Then, in 2013, a detective on the department’s cold case squad reopened the Lyons files and soon discovered that the officers had missed something big about Lloyd Welch in 1975. That same week, a young girl who had seen the Lyons sisters at the mall described a man who had been following her throughout the day. An artist had even produced a sketch: It looked remarkably like Lloyd.

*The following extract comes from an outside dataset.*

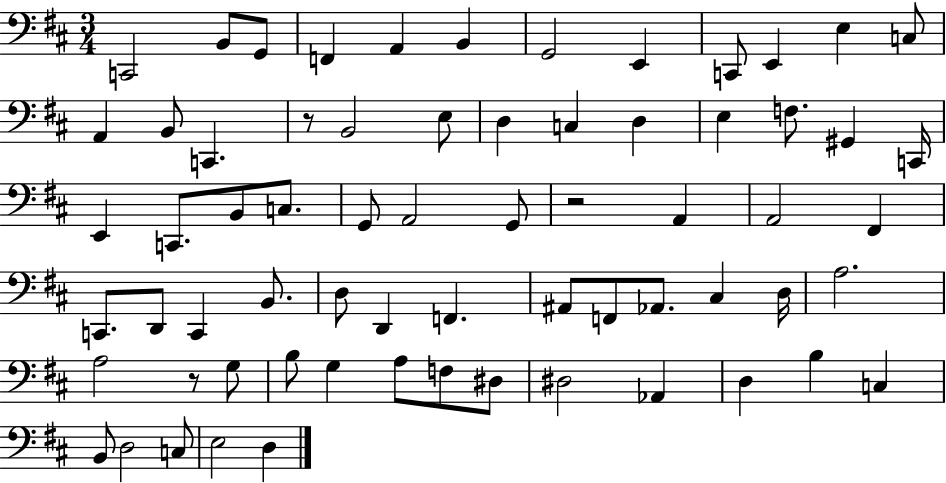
C2/h B2/e G2/e F2/q A2/q B2/q G2/h E2/q C2/e E2/q E3/q C3/e A2/q B2/e C2/q. R/e B2/h E3/e D3/q C3/q D3/q E3/q F3/e. G#2/q C2/s E2/q C2/e. B2/e C3/e. G2/e A2/h G2/e R/h A2/q A2/h F#2/q C2/e. D2/e C2/q B2/e. D3/e D2/q F2/q. A#2/e F2/e Ab2/e. C#3/q D3/s A3/h. A3/h R/e G3/e B3/e G3/q A3/e F3/e D#3/e D#3/h Ab2/q D3/q B3/q C3/q B2/e D3/h C3/e E3/h D3/q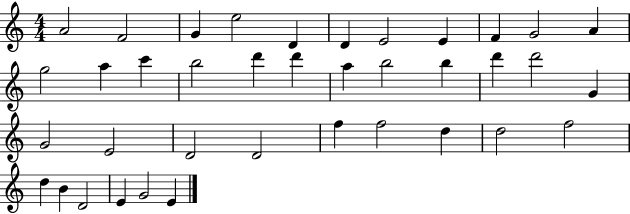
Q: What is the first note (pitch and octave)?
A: A4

I still feel bad about this...but for some reason I didn't realise this was a true-crime story that focused on the investigation and I thought it was the weirdest murder-mystery fiction book ever! There is not one place that describes this book as fiction (it's actually mentioned several times that it's true crime!) so I have no idea where that came from.

It's about the cold case investigation of two young sisters, Katherine and Sheila Lyon. The Lyon sisters disappeared after a trip to the mall. The author, Mark Bowden, actually covered the case when Katherine and Sheila were first reported missing so it's quite nice that he gets to see the end of this case.

The focus is on the investigation and the investigators. Unfortunately, sometimes the almost clinical transcriptions of the interviews are somewhat of a drudge...but isn't that what detectives do at times? Drudge work can get the job done.

The main suspect appears at the beginning of the book because he gives a tip to the police, but since it led nowhere and his interview was a bit kooky he came across as more of a time-waster than a suspect. Later cold-case detectives reviewed his tip and his resemblance to the suspect sketch from another tip and tracked him down.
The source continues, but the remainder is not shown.